The only writing experience I possessed before Ms. Raines’s English class was my sixth grade Hunger Games fanfiction and not-quite-but-quite-plagiarized stories of my favorite books. I had an obvious passion for language, words bleeding on a page, innovation of imagination, but the skills were lackluster. It was as if my writing was the lead part of a pencil wearing off: not sharp. However, the moment I stepped into Ms. Raines’s class on the first day as an anxious eighth grader, I had a certain bubble of excitement brewing in my stomach. Although many prior students complained that she was strict, I quickly found out it was a careless little rumor. She showed us a powerpoint presentation on her life, and I was starry-eyed over how passionate she was vocally. I was wrapped around her finger; I wanted to learn from her.
Needless to say, Ms. Raines was the first teacher that I yearned for the approval of. I spent more time perfecting my assignments than any other class, the thought of her scanning over my personal writing nerve wracking but eager. My first assignment from her gained an eighty-five, points decreased because I didn’t follow the format correctly. If it was any other teacher, I most likely would explode in a fit of rage, but the want to improve for her rushed in my veins. She pushed me to the edge while teaching me the best tips to writing formal essays that are engraved in my heart.
Not only did she improve my writing, but she also provided me with life long lessons that will forever stay in my mind. Ms. Raines has a golden heart. Her care for her students lies within the little things nobody pays much attention to: grading essays with precision, taking us through a whole month intensive writing camp, being a little too strict, praising our different styles, the humor laced in her words, little bits of philosophy shared by her. I have nothing but respect for her. Ms. Raines is an educator, somebody that is necessity to learn by.

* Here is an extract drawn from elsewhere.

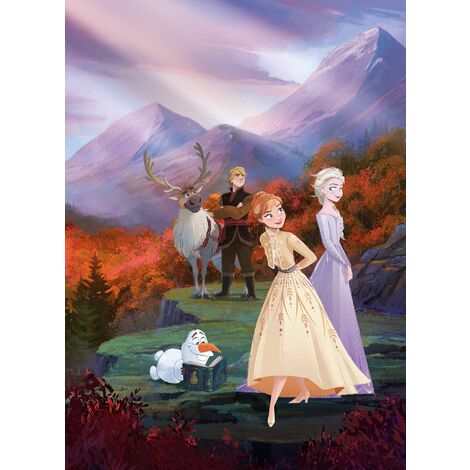 papier peint panoramique La Reine des neiges multicolore  - Disney (1/2)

Now that I am in tenth grade, she is teaching my little brother, Aaron, currently. My mom emailed her one day since Aaron was sick from school, wanting his makeup work and also letting her know that I missed her. She provided my mother with the most heartwarming response which invoked a nostalgic cry session from me. Ms. Raines said in her email, “She certainly has talent in the craft of writing, so I’m thrilled to hear she is happily honing her skill… Please give her a hug because the fondness is mutual. She is a fine person.”
I promised myself that if my book ever became published, the traditional dedication page at the front of the story would be reserved for the first teacher to introduce me to true writing. Ms. Raines has built my writing foundation, and I never intend to forget it. She will forever be the reason behind my love for words, sentences, and the inner workings of English flying across the galaxy.